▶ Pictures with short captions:
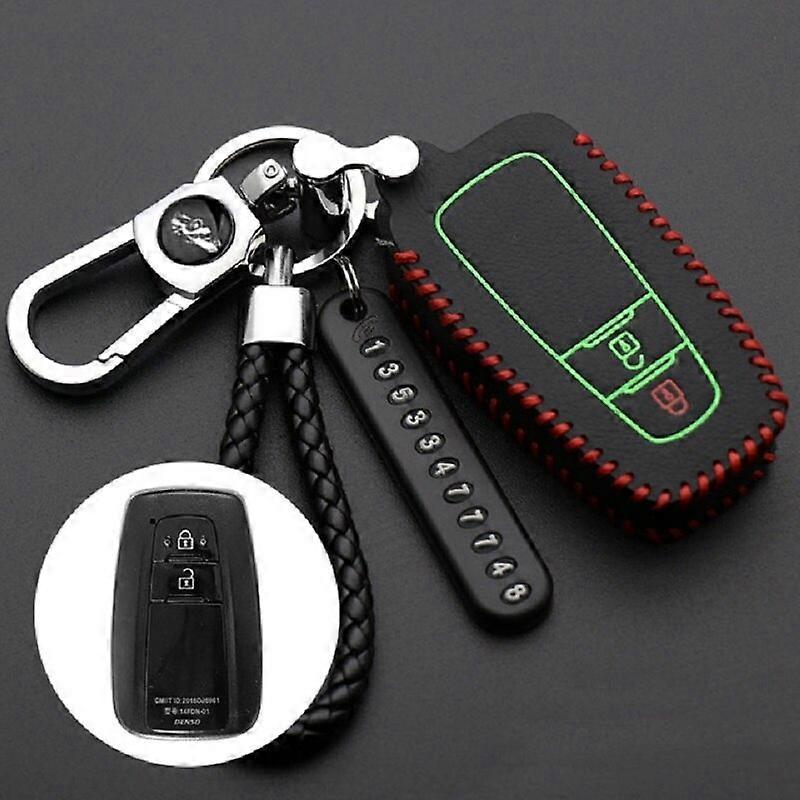 Luminous Leather Car Smart Key Cover Protective Case Holder For Toyota Camry CHR Prius Corolla RAV4 Prado 2017 2018 Accessories Key Blanks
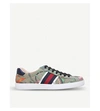 GUCCI NEW ACE FLORA LEATHER TRAINERS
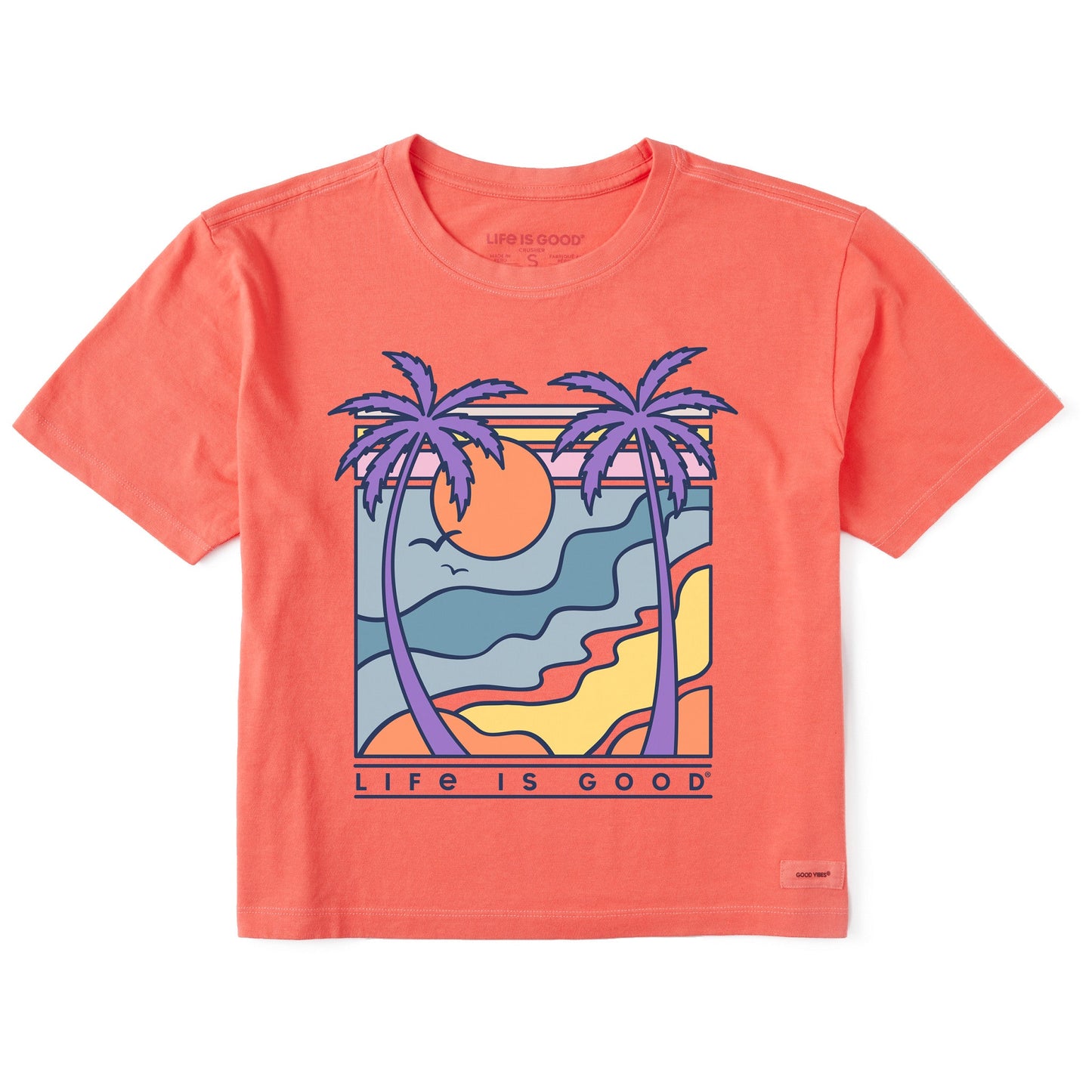 Women's Retro Palms Scene Short Sleeve Crusher Boxy Tee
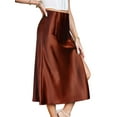 thumbnail image 4 of Nlife Women High Waist Silk Satin Side Split Midi Skirt, 4 of 7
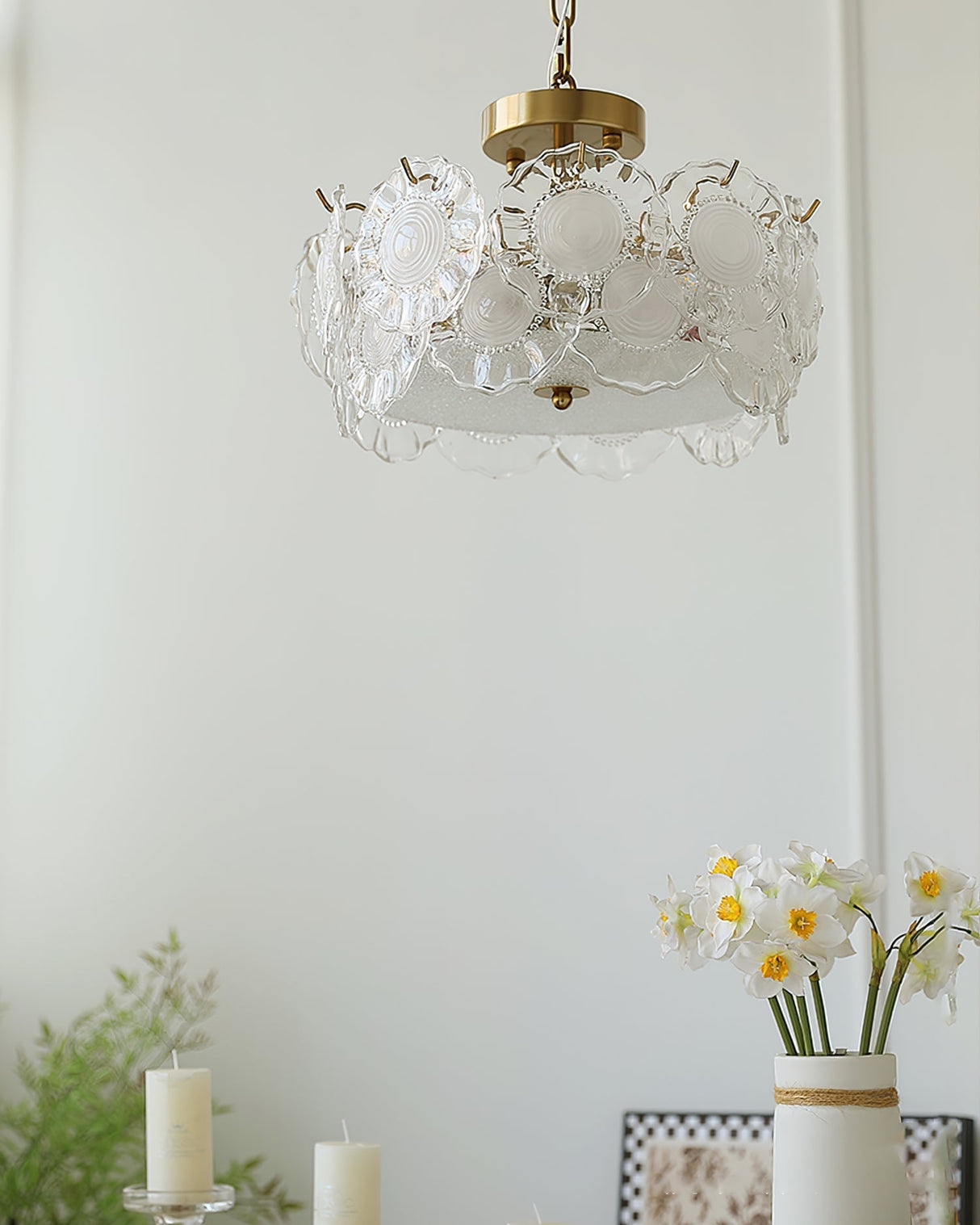 Floral Glass Ceiling Light Textured Clear Shade Gold Finish - Product detail 9
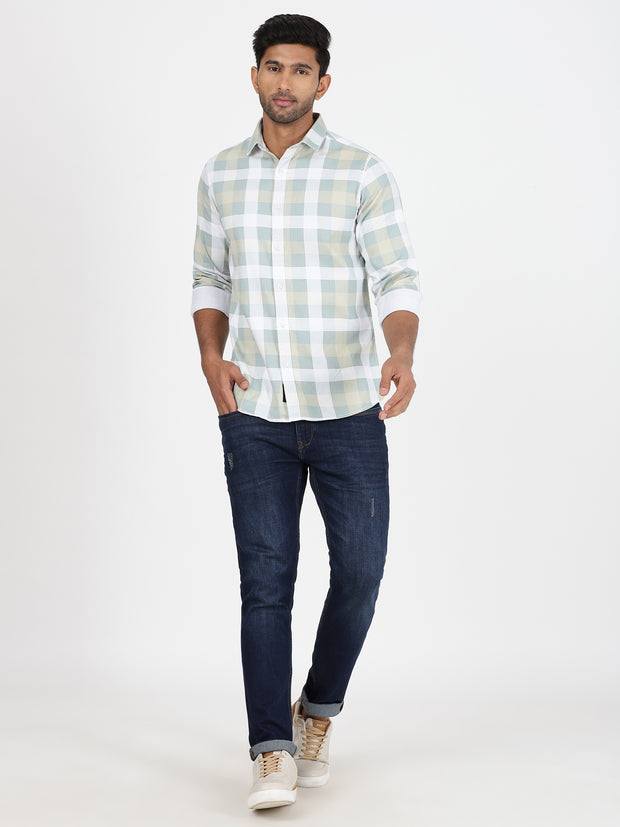 Checkered Full-Sleeve Shirt - Green & White (GP106)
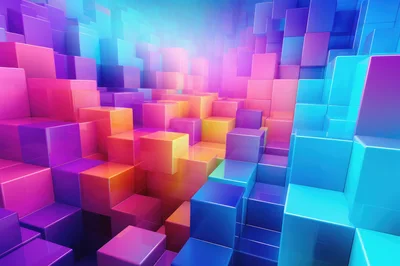 Abstract 3D Background With Colorful Glossy Cubes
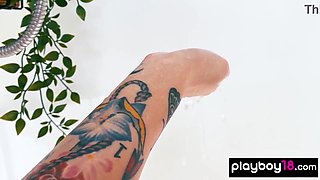 Small chinese COUGAR Avery Black taking a bathroom and demonstrates her moist vag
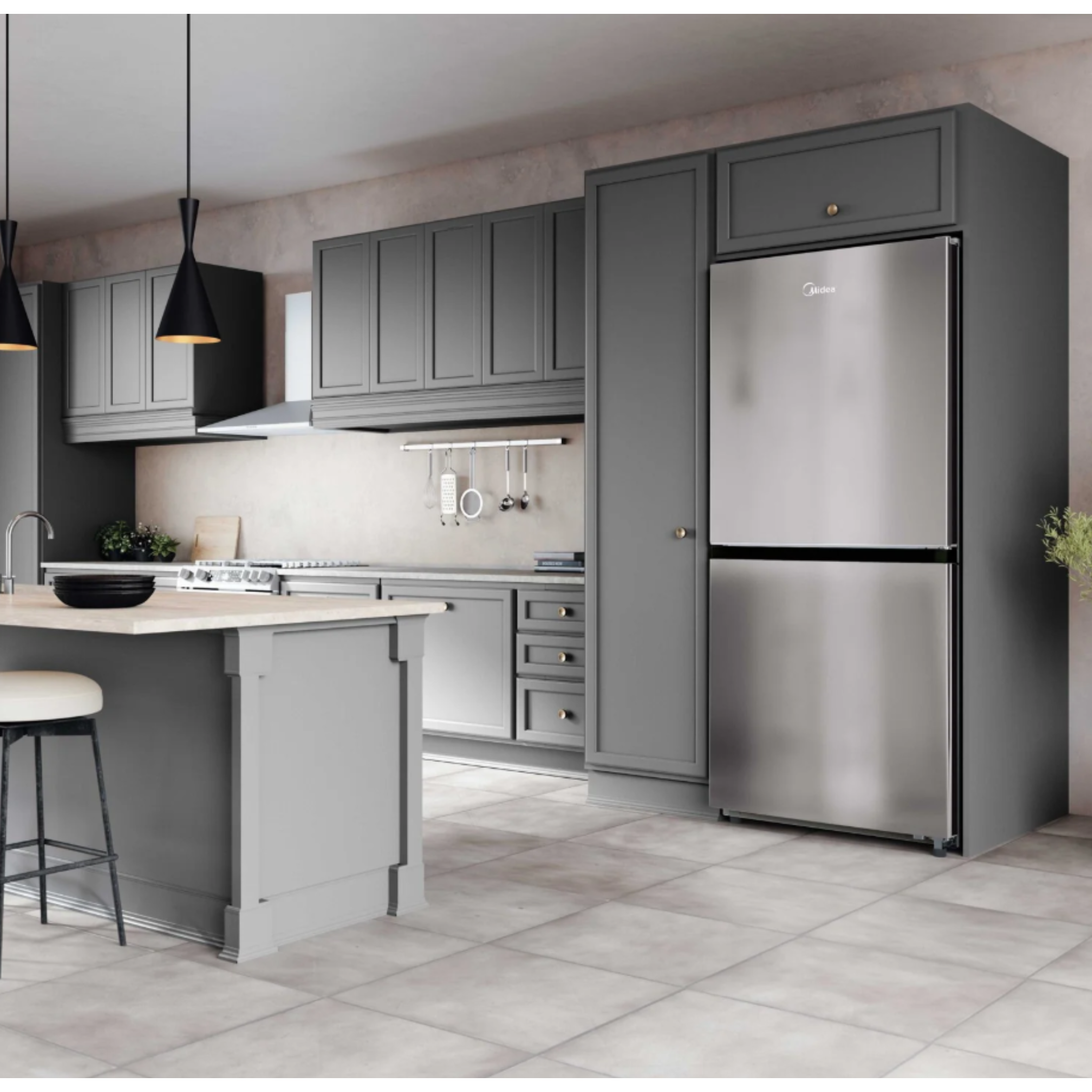 Midea - 29.72 Inch 20 cu. ft  3-in-1 Convertible Refrigerator Freezer in Stainless - MRU21C7BST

▶ Your task: Range to copy from the records above: the line containing "GUCCI NEW ACE FLORA LEATHER TRAINERS" to the line containing "Small chinese COUGAR", both included. Output those lines exactly and only those, skipping pictures.

▶ Answer for this exercise:
 GUCCI NEW ACE FLORA LEATHER TRAINERS
 Women's Retro Palms Scene Short Sleeve Crusher Boxy Tee
 thumbnail image 4 of Nlife Women High Waist Silk Satin Side Split Midi Skirt, 4 of 7
 Floral Glass Ceiling Light Textured Clear Shade Gold Finish - Product detail 9
 Checkered Full-Sleeve Shirt - Green & White (GP106)
 Abstract 3D Background With Colorful Glossy Cubes
 Small chinese COUGAR Avery Black taking a bathroom and demonstrates her moist vag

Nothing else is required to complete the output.